The magic lantern's variations.

Frolicking across the range of narrative voices, Marcel Proust’s novel, Jean Santeuil, does little to guise its autobiographical nature.

What intrigues me is the spectral nature of the magic lantern Proust depicted in Jean Santeuil.

We are drawn into Jean’s room— which he has barricaded shut by pushing the chest of drawers against the door, and given to see “the light which, a moment before, had fallen quietly on the table, now, in the sudden darkness, produced a patch of concentrated brightness on the wall.” And then, suddenly, we are introduced to “the ghost of a window radiant with red and blue and violet” —- which is “not an actual window of blue and red and violet glass” which comes “tremblingly into view, advancing and receding after the manner of phantoms or shimmering reflexions.”

Here is the passage

Proust tells us that “the most mysterious moment” for Jean occurs when “he was still in his familiar room” and he “suddenly” sees “those marvelous shadow-forms take shape upon the grey-patterned wallpaper.”

The motion of the light beam “moving obliquely across the wall to an unknown destination” defamiliarizes Jean’s room: it is “no longer his room, the lamp no longer his lamp.” Imaginary figures from books, paintings, and legends are “made visible” on the wall, just above “the splash” Jean “made that morning on the paper while he was washing.” But this condition only continues as long as Jean agrees to it— for it depends on his manipulation of the lamp’s reflector — just as the condition for the novel’s realization exists in our willingness to imagine it.

There is a spectral door, or a magic route between worlds.
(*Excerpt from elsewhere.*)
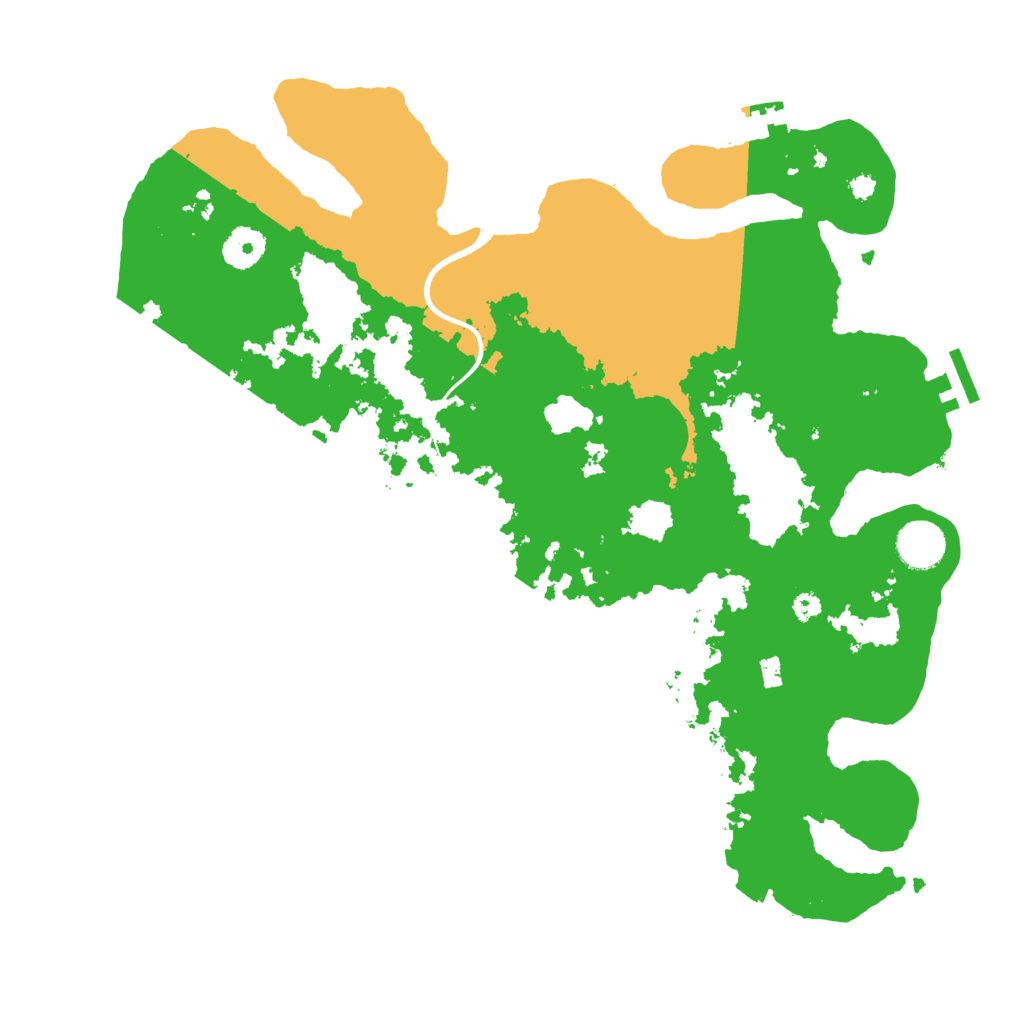 Biome Rust Map: Procedural Map, Size: 3700, Seed: 21511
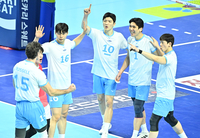 [포토]대한항공, 득점 성공!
Proust calls “the mysterious spot, the invisible trap-door whence ghosts had emerged to play their parts, should once more have merged in the general surface, a friendly half-light with which, one felt, phantoms, apparitions and the sliding movement as of impalpable windows of stained-glass had nothing to do, and in which, most certainly, they would not show themselves.” The spot is what makes the spectral image — or “spectral picture” — possible.

“. . . a spectral picture, composed of shadows; a phantom picture, a picture which did not last for long and, therefore, struck his imagination far more powerfully than would have done a motionless picture hung for him to look at all day long.”